Le deuxième aspect concernant le rôle de l’Etat dans le monde numérique tient à ce qui se fait au plan des régulations mises en place en Estonie, notamment en matière d’économie collaborative. Le système estonien est très libéral puisqu’il autorise d’abord, puis voit s’il y a lieu de réglementer ensuite. C’est ainsi que l’Etat a autorisé les services de transports à la demande entre particuliers, avant de passer un accord en 2015 avec la plateforme Uber permettant la transmission directe à l’administration fiscale des données fournies par les chauffeurs pour un calcul automatique de l’impôt. Cet accord a été étendu à d’autres plateformes dont Taxify, et à d’autres secteurs de l’économie collaborative comme les prêts entre particuliers. 

Régulation très souple également en matière d’intelligence artificielle puisque l’Estonie a autorisé très rapidement les véhicules autonomes de niveau 1 à 3, avec une mission de réflexion sur l’octroi de la personnalité juridique aux robots. 

Un autre aspect de la réglementation se situe aux niveaux européen et international. L’Estonie a réussi à trouver sa place aux côtés d’acteurs comme les Etats-Unis et arrive à initier des réflexions en matière de réglementation au niveau international. C’est le cas du centre de cybersécurité de l’OTAN avec la publication du « Manuel de Tallinn », ce fut le cas avec la présidence estonienne du Conseil de l’Union européenne sur tout ce qui concerne la liberté de circulation des données, ou encore grâce à sa participation au consortium « Digital Five » (avec le Royaume-Uni, la Corée du Sud, le Canada et la Nouvelle-Zélande). 

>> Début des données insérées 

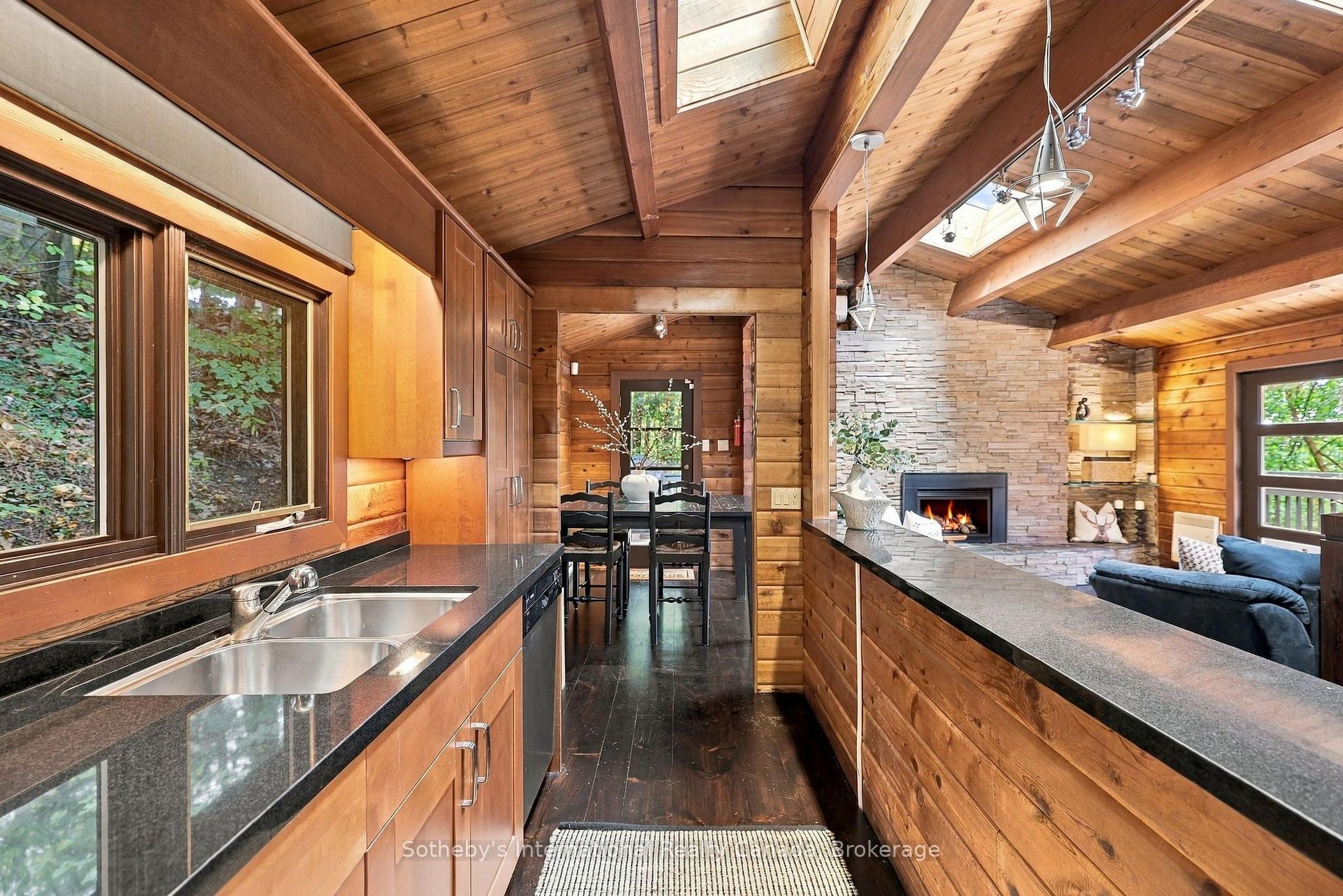 Photo 19 of 146 Chamonix Crescent, Blue Mountains — HOMEH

Lorsqu’il s’agit de regarder ce qui est transposable en France, on peut être beaucoup plus circonspect dans la mesure où des éléments techniques du modèle seraient transposables, de manière progressive, comme la carte d’identité électronique ou le programme e-résident, mais il faut garder à l’esprit que l’Estonie est un pays qui compte 1,3 million d’habitants, qui a développé tout un arsenal juridique institutionnel en même temps qu’il développait son modèle numérique et qui, au niveau administratif, partait quasiment de zéro. Si l’on voulait mettre en place en France une numérisation des services publics, cela devrait passer d’abord par une simplification de la réglementation et un décloisonnement des administrations. 

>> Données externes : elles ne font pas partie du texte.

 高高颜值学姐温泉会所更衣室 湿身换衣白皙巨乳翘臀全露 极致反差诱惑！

A la question de Mme Danièle Hérin de savoir si d’autres pays ont essayé d’imiter la e-gouvernance estonienne, M. Antoine Picron explique que l’Estonie exporte beaucoup son modèle, via l’Académie de e-Gouvernance, dans certains pays du Caucase, voire même dans certains pays africains, dans le cadre de l’aide au développement. La France pourrait avoir un rôle partenarial à jouer dans l’exportation et la diffusion du modèle estonien notamment en Afrique francophone, où elle dispose d’un réseau diplomatique solide. 

Mme de La Raudière souhaiterait savoir comment l’Estonie se prémunit des cyberattaques et quelle est la part du budget qui y est consacrée. 

M. Antoine Picron répond que, selon Bloomberg, le chiffre consacré serait de l’ordre de 50 à 60 millions de dollars par an, mais l’Estonie ne communique pas de chiffres précis sur la somme consacrée véritablement à la transformation numérique de l’Etat. 50 millions de dollars sur un PIB de 20 milliards d’euros et des dépenses publiques annuelles de 9 milliards d’euros est très peu finalement. 

Sur l’aspect cybersécurité, il y a eu une très grosse attaque en 2007 attribuée à la Russie, mais aucun des sites gouvernementaux n’a été touché, ni aucun des registres cruciaux. En 2017, au moment de la présidence du Conseil de l’Union européenne, une mission d’information de la République tchèque, composée d’experts internationaux, a informé le gouvernement estonien d’une faille sur les cartes d’identité électroniques estoniennes. L’Estonie a bloqué les cartes pendant un mois le temps de mettre à jour les logiciels, la faille a été réparée ; depuis, le contrat avec Gemalto (producteur des cartes) a été rompu et l’Estonie lui demande 150 millions d’euros de réparation. Il y a une vigilance accrue des pouvoirs publics estoniens sur la cybersécurité, qui n’hésitent pas à bloquer le système le temps de procéder aux réparations des logiciels.